(Data extracts begins)
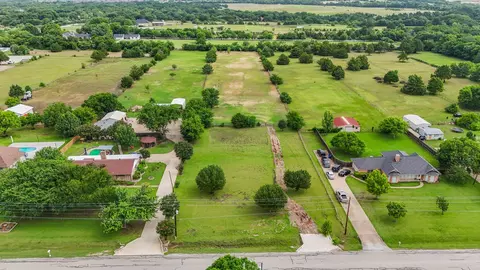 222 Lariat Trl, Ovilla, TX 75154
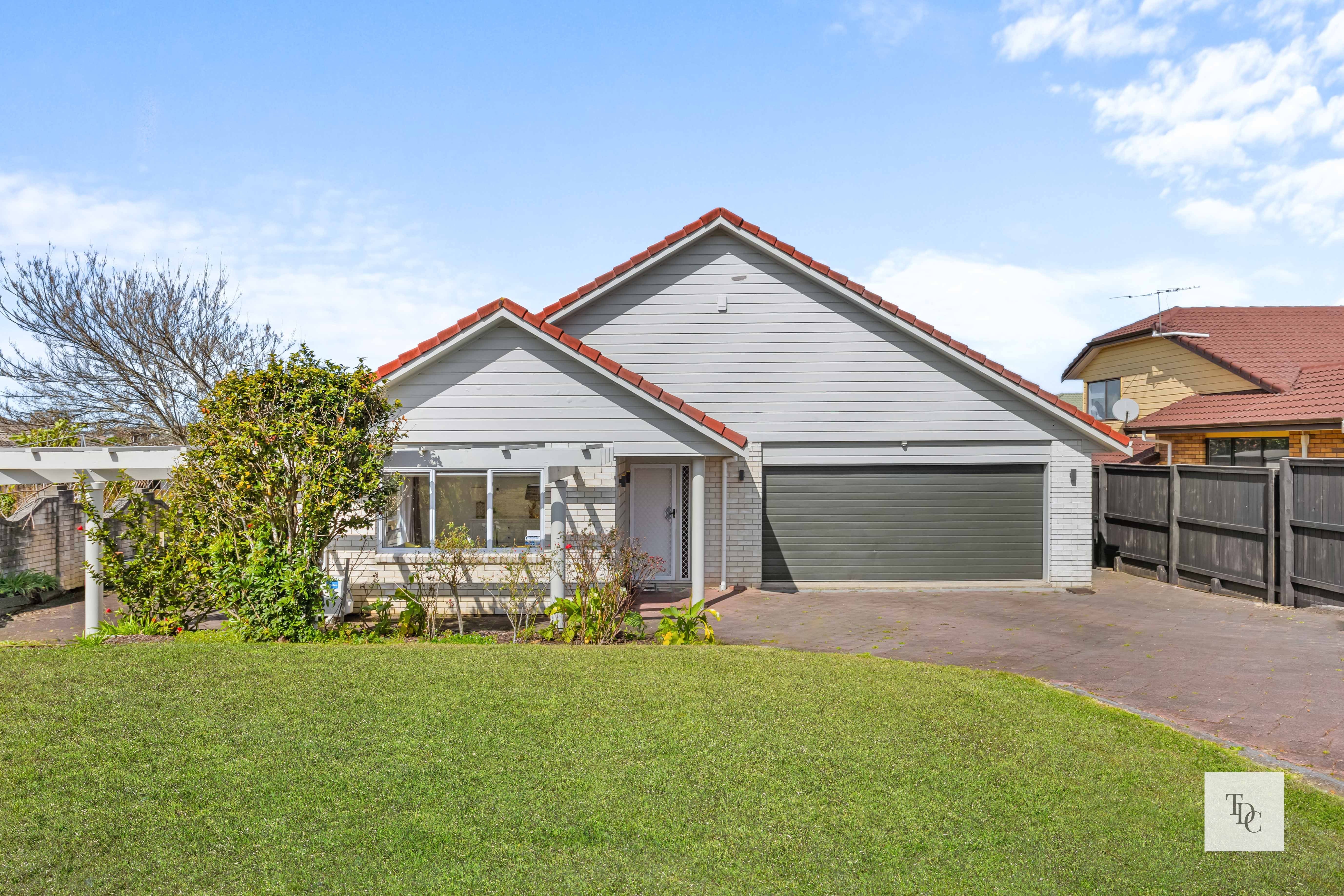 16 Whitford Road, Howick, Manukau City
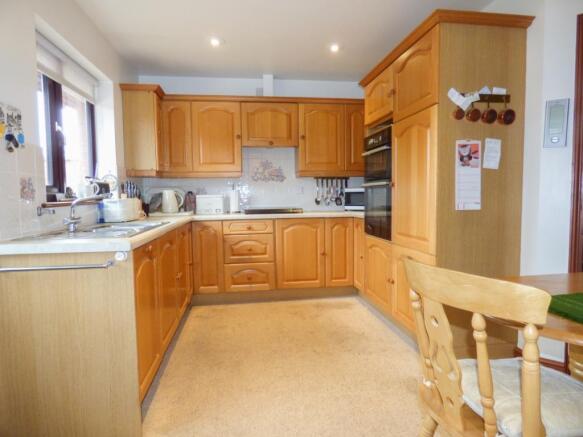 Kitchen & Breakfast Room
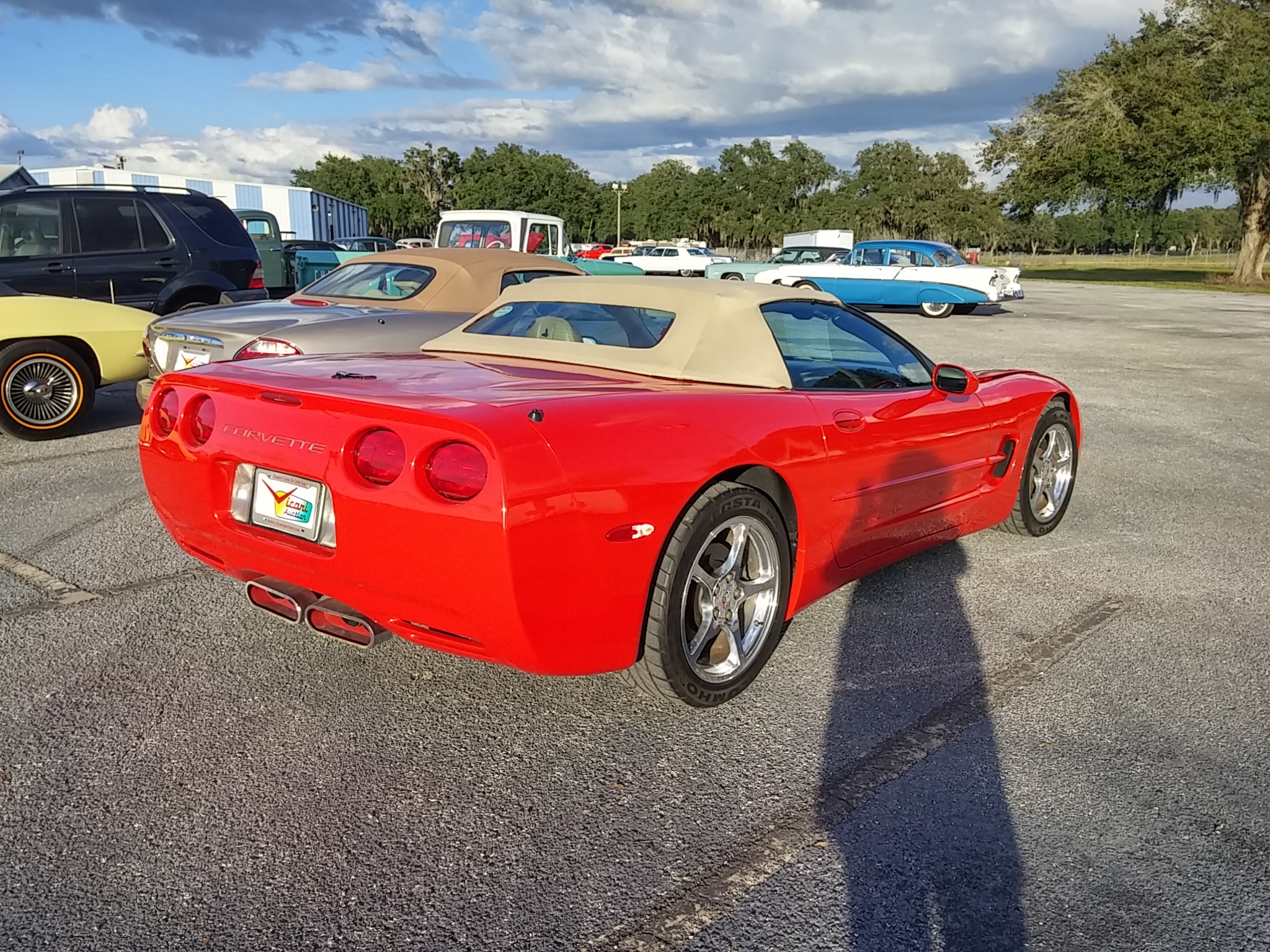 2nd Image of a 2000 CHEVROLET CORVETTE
(Data extracts ends)
(Data extracts begins)
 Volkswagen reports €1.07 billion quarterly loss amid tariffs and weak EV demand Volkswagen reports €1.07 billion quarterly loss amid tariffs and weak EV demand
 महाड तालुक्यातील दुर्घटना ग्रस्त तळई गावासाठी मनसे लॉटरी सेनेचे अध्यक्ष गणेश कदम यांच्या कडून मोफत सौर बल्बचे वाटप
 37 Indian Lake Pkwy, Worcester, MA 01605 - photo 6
(Data extracts ends)
(Data extracts begins)
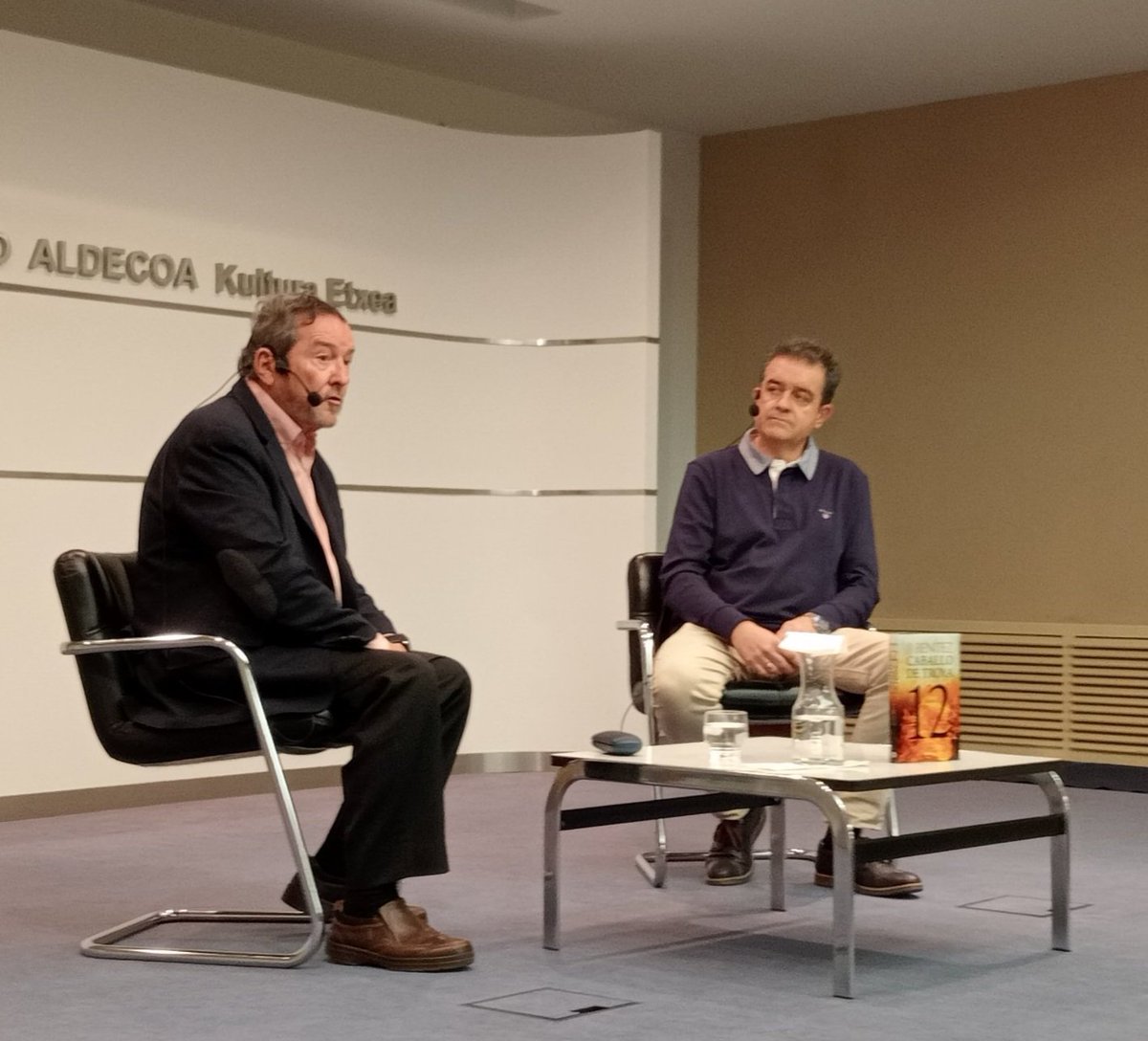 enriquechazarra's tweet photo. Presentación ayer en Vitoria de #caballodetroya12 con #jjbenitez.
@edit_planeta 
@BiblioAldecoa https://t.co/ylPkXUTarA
(Data extracts ends)
:: About this task ::
From the entries above, copy exactly the lines starting at the one with "222 Lariat Trl, Ovilla, TX 75154" and stopping at the one with "2nd Image of a 2000 CHEVROLET CORVETTE", keeping both ends. Drop the pictures.

:: Task response ::
 222 Lariat Trl, Ovilla, TX 75154
 16 Whitford Road, Howick, Manukau City
 Kitchen & Breakfast Room
 2nd Image of a 2000 CHEVROLET CORVETTE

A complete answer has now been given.